Saturday, July 25, 2009

J. Fred Weston & the origin of synergy


Professor J. Fred Weston has died at age 93. Fred was a giant in the field of M&A. He arrived at UCLA from Chicago in 1949 and over his career wrote 32 books and 147 journal articles, many of which dealt with M&A. He mentored many outstanding graduate students, including Nobel laureate Bill Sharpe.

I worked with Fred and had the privilege of taking over as Faculty Director for UCLA Anderson's Executive Program on Mergers & Acquisitions from him in 2005. Fred continued to speak in the program. When I introduced him as the "John Wooden of M&A" (referring to UCLA's legendary basketball coach), it was not an overstatement.

I recall Fred telling the story about how the word synergy came to be used in corporate deal making. The year was 1950, and Fred was at lunch in Westwood with executives from a nascent industry that would later become aerospace. Fred saw a drink menu on the table that promoted Irish Coffee, The Perfect Synergy. (Irish Coffee blends coffee and irish whiskey.)

Not knowing what synergy meant, Fred looked up the term after he returned to his office at UCLA and saw synergy = the interaction of two or more agents so that their combined effect is greater than the sum of their individual effects. "Now that's what an M&A is supposed to do," thought Fred. He started using synergy in his writings to characterize successful deals, and the term became a cornerstone of academic and professional thinking.

Fred, I miss the synergy we shared, and I know many others do also.

Friday, July 24, 2009

Changing Japan's M&A culture over a beer?


Strapping two leaky canoes together will not improve buoyancy. And merging two weak companies rarely strengthens the combined entity. M&A is no super glue for struggling enterprises.

Successful M&A activity is a thoughtful, strategic build on a company's core competency.
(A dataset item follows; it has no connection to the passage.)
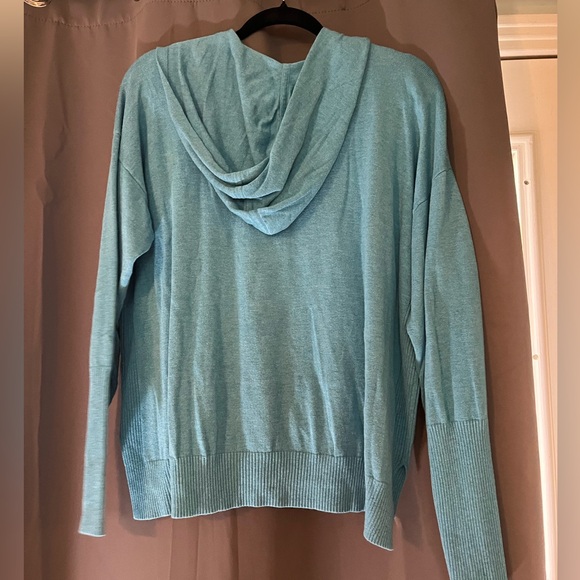 CAbi Hop To Sweater Hoodie - Picture 4 of 4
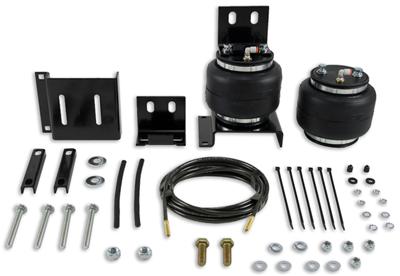 Air Lift Suspension Air Springs, Load Lifter 5000, Front, Workhorse, Kit - 88101 Vinyasa Automotive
Nevertheless, Japan's business culture has traditionally assumed that mergers are for the weak and are an admission of failure. As The Economist (July 18, 2009) says about Japanese corporate marriages: "Most deals involve firms in distress."

So the announcement that Kirin and Suntory (both successful Japanese brewers) are discussing a $41 billion merger might signal that a new generation of corporate development thinking is arising within the country.

Indeed many Japanese middle-market firms across all industries were begun after WW II and are led by aging founders. Many of these companies have focused on a contracting local market and do not have scale and capital to compete globally.

Could Japan's M&A attitude be changed over a couple of beers?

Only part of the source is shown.